Par Raphaël MVOGO, Xinhua - 17/11/2010

Il est le dirigeant de l’Observatoire de lutte contre la corruption en Afrique centrale (OLCAC)

 

Procès injustes au Congo- Brazzaville, assassinat du vice-président de l’observatoire en charge des malversations économiques au Burundi, la lutte contre la corruption apparaît périlleuse pour les acteurs de ce combat en Afrique centrale où existe depuis 2006 un observatoire régional. Créé par les groupements civils de 9 pays (Burundi, Cameroun, Centrafrique, Congo, Gabon, Guinée équatoriale, Rwanda, République démocratique du Congo (RDC), Tchad), l’Observatoire de lutte contre la corruption en Afrique centrale (OLCAC), basé à Brazzaville au Congo, est une Organisation Non Gouvernementale dotée de la personnalité juridique. Dans un entretien à Yaoundé, le dirigeant de l’OLCAC, M. Jean-Marie Mulumba (juge en RDC) a évoqué les difficultés d’enquêter dans les secteurs pétrolier et minier et puis les marchés publics.

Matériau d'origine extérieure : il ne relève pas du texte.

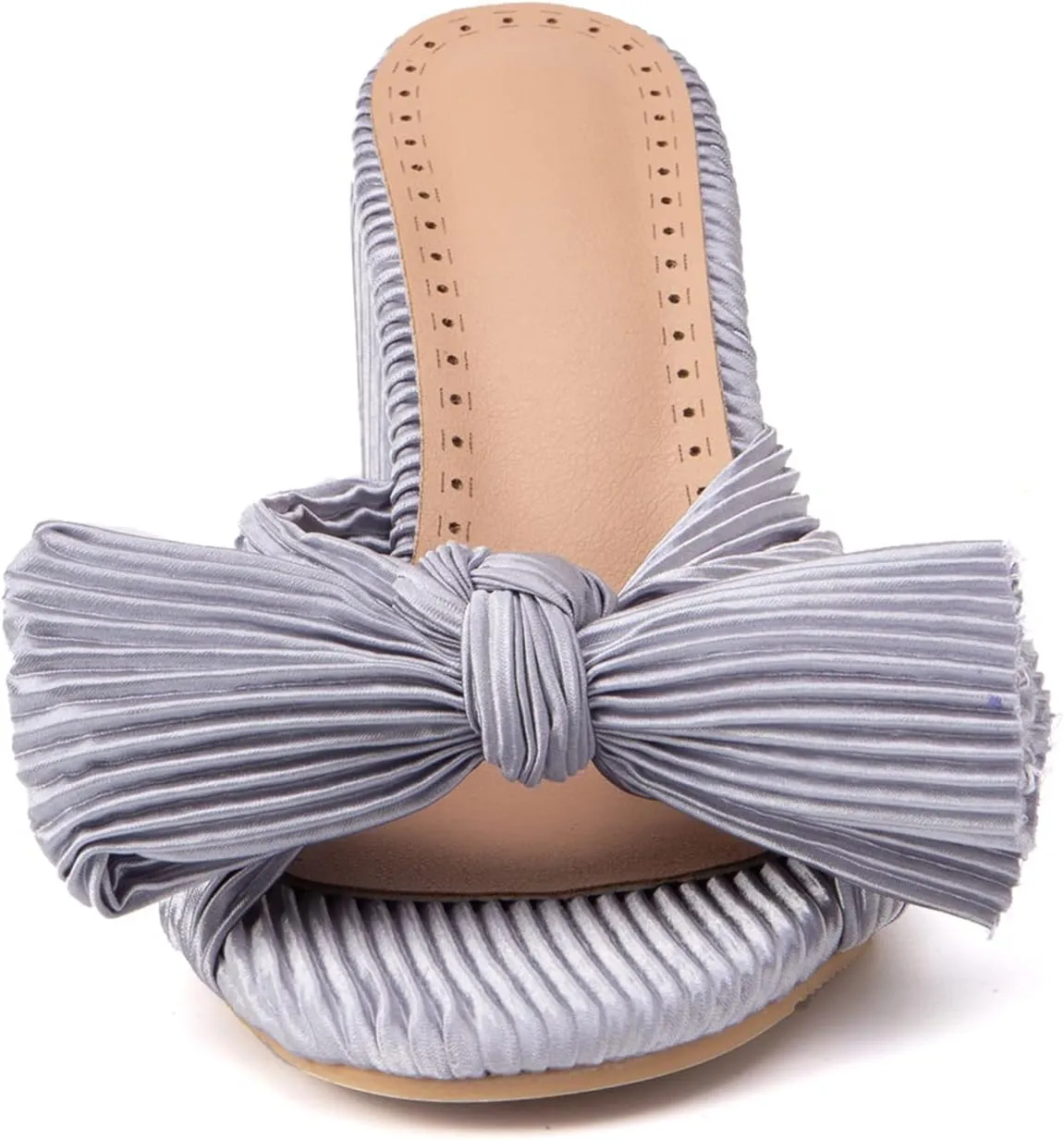Asterisco Women Block Heel Mules Bows High Heels Peep Toe Slip On Fashion Evening Shoes, Size 2-15.5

Quatre ans après sa création en 2006, quel est le bilan que présente l’Observatoire de lutte contre la corruption en Afrique centrale?
Nous sommes très modestes, ce n’est pas facile de fonctionner sans budget, ça veut dire avec les cotisations de nos membres. Mais avec ce peu de moyens, on a quand même réalisé quelque chose. Nous avons fait l’intervention judiciaire pour assister nos membres qui étaient en difficulté dans certains pays membres comme la République du Congo où les acteurs de la lutte contre la corruption ont été victimes de procès iniques, parce que leur seul péché était qu’ils revendiquaient la transparence dans la gestion des revenus du pétrole. Nous sommes intervenus aussi pour les amis du Burundi où il y a eu même assassinat du vice- président de l’observatoire des malversations sur le plan économique. Nous venons d’organiser trois antennes déjà, au Burundi, en Centrafrique et en République démocratique du Congo. Dans ce dernier pays, il y a un grand travail qui a été fait, pace que l’antenne vient de mettre sur pied la "task force" qui mène vers la commission indépendante de lutte contre la corruption dans ce pays. C’est un des pays qui sont vraiment rongés par la corruption. Et puis, nous venons d’organiser aussi avec l’appui du PNUD et l’Institut de la Banque mondiale un grand atelier à Brazzaville sur le renforcement des capacités de membres de la société civile de l’Afrique. Nous avons une visibilité qui fait que nous sommes en interaction avec l’Union africaine, l’ONU (Organisation des Nations Unies), la CEMAC (Communauté économique et monétaire de l’Afrique centrale), la SADC (Communauté de développement d’Afrique australe), le PNUD, la Commission économique des Nations Unies pour l’Afrique.

 


© french.news.cn
Logo de la Communauté économique et monétaire de l’Afrique centrale - CEMAC
Vous dites que vous disposez de peu de moyens. A combien se chiffre votre budget?
Dans notre travail, nous avons d’abord besoin de notre indépendance. Le budget que nous avons, je viens de le relever, ce sont les cotisations de nos membres.

A combien s’élève-t-il?
Non, je ne peux pas vous dire ça, c’est un secret de la maison. Mais, la lutte contre la corruption, c’est le problème d’abord de volonté. Il faut avoir la volonté de pouvoir travailler pour ce que nous appelons l’Afrique qui gagne. Nous sommes contre cette Afrique famélique, avec la main tendue, pourtant elle peut gagner et aussi prêter aux autres.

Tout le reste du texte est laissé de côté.